Analysis Commands#

Attribute Histogram#

Usage#

ANALYSIS = attr_hist < node | edge > $attr_name $output_path [$bins]

Computes a histogram of a node or edge attribute and writes the result to a .hst file at $output_path (see File Naming Conventions).

When $bins is provided and $attr_name is a numeric attribute, values are grouped into bins. When $bins is omitted or $attr_name is a string attribute, unique values/categories are counted instead.

$bins may be specified as:

A positive integer N: divides the data range [min, max] into N equal-width bins.
A colon-separated list of bin edges e0:e1:...:eN: uses the provided boundaries directly.

All bins are half-open [lo, hi) except the last, which is closed [lo, hi]. Attribute values outside the specified range are ignored.
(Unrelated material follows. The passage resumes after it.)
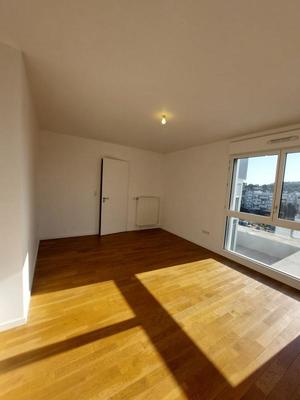 Appartement - 104 m² - 4 pièces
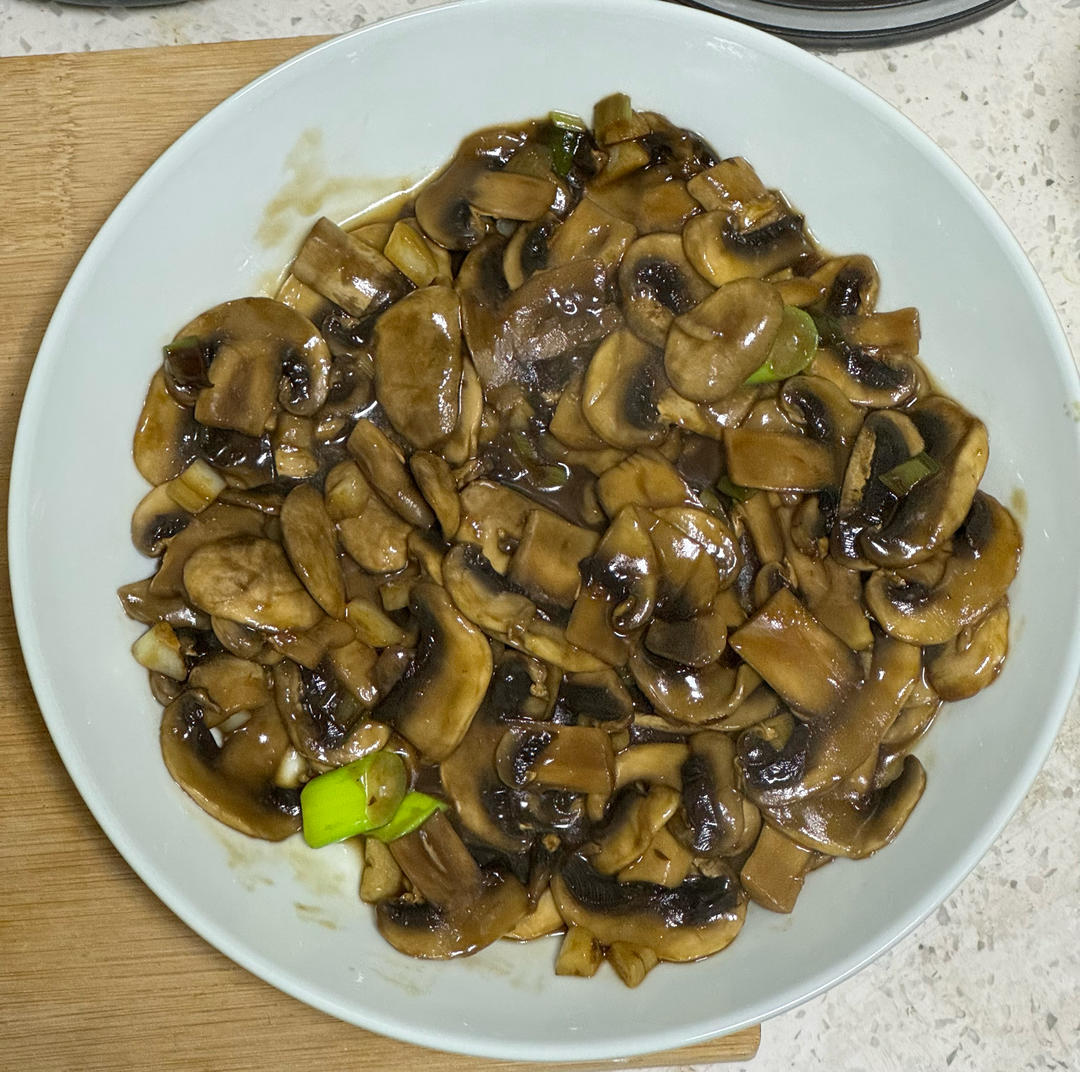 素炒口蘑（快手家常菜）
Categorical output is sorted by attribute value, ascending.

Output Format#

TIMESTEP    $n
$attr_name  count
[lo hi) $count
...
[lo hi] $count

For categorical mode:

TIMESTEP    $n
$attr_name  count
$value  $count
...

Examples:

ANALYSIS = attr_hist node degree ./hist/ 10 computes 10 equal-width bins over the full range of node degree values.
ANALYSIS = attr_hist node degree ./hist/ 0:5:10:20 bins degrees into [0 5), [5 10), [10 20].
ANALYSIS = attr_hist node mol_type ./hist/ counts occurrences of each unique mol_type string value.

Betweenness#

Usage#

ANALYSIS = betweenness < node | edge >

Calculates the node/edge betweenness centrality for each node/edge in the graph. The centrality is added as a property to the node/edge with the property name betweenness.

Connected Components#

Usage#

ANALYSIS = connected_components [< weak | strong >]

Default = weak

Identifies all connected components within the graph. All nodes within the graph are then given the connected_components node property, where nodes with equal values of this property are connected by some edge path.

weak (default) : Treats the graph as undirected when finding components.

strong : Respects edge direction. Only nodes reachable via directed edges are in the same component.

Degree#

Usage#

ANALYSIS = degree [< all | in | out >]

Default = all

Calculates the degree for every node in the graph. The degree for each node is stored in that node's degree property.

all (default) : Total degree (in + out for directed graphs, or total connections for undirected graphs).

in : In-degree (incoming edges). Only meaningful for directed graphs.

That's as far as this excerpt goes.